• **TASK TO CARRY OUT**: Your reply should be the entries, output word for word, with each picture omitted.

[Images for object localization]
+===+

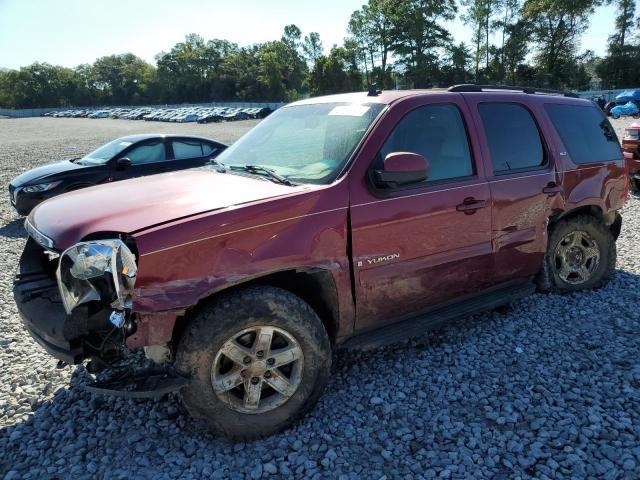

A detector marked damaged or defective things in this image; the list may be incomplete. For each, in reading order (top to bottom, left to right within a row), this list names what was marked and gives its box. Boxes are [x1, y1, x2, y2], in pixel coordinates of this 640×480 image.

dented hood [27, 170, 302, 251]
crumpled front bumper [13, 236, 110, 364]
damaged front end [13, 232, 139, 364]
exposed headlight housing [57, 240, 138, 316]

+===+

• **EXERCISE SOLUTION**:
A detector marked damaged or defective things in this image; the list may be incomplete. For each, in reading order (top to bottom, left to right within a row), this list names what was marked and gives its box. Boxes are [x1, y1, x2, y2], in pixel coordinates of this 640×480 image.

dented hood [27, 170, 302, 251]
crumpled front bumper [13, 236, 110, 364]
damaged front end [13, 232, 139, 364]
exposed headlight housing [57, 240, 138, 316]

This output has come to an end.